Нет такого уголовного дела, по которому умелый и добросовестный защитник не смог бы найти доводов в защиту подсудимого, и нет ни одного уголовного дела, которое не заслуживало бы того, чтобы в нем участвовал защитник.

Защитник вправе и обязан защищать подсудимого как в случае сомнительности, недоказанности его виновности, так и в случае несомненной виновности подсудимого, как бы тяжело при этом ни было инкриминируемое ему преступление.

О чем бы ни шла речь между адвокатом и подсудимым при их общениях, на суде адвокат должен исходить не из этих внесудебных сведений, которые не только для суда, но и для самого адвоката не могут считаться достоверными, а из материалов дела, из данных предварительного и судебного следствия.

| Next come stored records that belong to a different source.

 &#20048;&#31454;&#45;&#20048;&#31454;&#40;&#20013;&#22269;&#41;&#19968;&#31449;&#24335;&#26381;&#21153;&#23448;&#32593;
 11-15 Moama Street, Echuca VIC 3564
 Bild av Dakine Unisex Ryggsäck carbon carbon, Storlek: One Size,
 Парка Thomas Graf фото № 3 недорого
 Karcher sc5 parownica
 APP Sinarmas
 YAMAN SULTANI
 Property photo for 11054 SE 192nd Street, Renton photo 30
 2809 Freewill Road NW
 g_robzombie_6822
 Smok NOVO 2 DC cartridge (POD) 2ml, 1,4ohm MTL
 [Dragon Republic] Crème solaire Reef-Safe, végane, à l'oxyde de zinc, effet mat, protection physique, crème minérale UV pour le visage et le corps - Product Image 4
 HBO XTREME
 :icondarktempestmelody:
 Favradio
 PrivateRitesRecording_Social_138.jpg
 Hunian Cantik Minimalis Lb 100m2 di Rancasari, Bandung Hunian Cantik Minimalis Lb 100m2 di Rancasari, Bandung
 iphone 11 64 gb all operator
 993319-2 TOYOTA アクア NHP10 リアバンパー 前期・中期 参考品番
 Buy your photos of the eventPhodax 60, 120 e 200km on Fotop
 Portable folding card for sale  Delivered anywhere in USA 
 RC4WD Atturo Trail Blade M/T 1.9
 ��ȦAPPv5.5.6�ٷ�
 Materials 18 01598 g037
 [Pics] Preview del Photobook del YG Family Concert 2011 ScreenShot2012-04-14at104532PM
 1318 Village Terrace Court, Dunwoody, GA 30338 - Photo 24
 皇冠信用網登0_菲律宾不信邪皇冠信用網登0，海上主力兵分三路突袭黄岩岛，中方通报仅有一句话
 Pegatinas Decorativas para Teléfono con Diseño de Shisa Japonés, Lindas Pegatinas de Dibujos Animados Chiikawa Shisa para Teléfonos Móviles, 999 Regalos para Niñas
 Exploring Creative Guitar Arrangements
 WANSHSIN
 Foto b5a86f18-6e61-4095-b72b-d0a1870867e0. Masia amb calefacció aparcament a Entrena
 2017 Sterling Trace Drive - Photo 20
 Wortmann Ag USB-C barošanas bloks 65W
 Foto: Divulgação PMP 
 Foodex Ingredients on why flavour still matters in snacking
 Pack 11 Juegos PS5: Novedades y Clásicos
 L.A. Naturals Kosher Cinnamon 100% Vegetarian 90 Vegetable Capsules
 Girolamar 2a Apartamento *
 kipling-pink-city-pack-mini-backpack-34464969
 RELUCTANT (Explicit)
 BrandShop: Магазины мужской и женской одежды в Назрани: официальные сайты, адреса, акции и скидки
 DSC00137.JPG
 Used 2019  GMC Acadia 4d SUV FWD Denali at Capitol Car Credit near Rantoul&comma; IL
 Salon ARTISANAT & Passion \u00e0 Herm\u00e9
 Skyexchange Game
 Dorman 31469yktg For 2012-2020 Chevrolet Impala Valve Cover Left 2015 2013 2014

Адвокат, защищая своего подзащитного, может приводить против другого подсудимого только такие доводы, которые основаны на бесспорных фактах и обстоятельствах, которые объективно подтверждены.

Есть все основания требовать, чтобы принципиальность защиты исключала всякие непринципиальные, обывательские характеристики результатов судебного процесса, к тому же иногда напоминающие жаргон.

Защитник вправе настаивать на оправдании подсудимого не только тогда, когда он убежден в его невиновности, но и тогда, когда он не убежден в его виновности. Прокурор может утверждать лишь то, что вполне доказано. Защитник может отрицать все то, что не вполне доказано.

На том, что действительно сомнительно, защитник обязан сосредоточить внимание суда и делать из этого выводы в пользу подсудимого.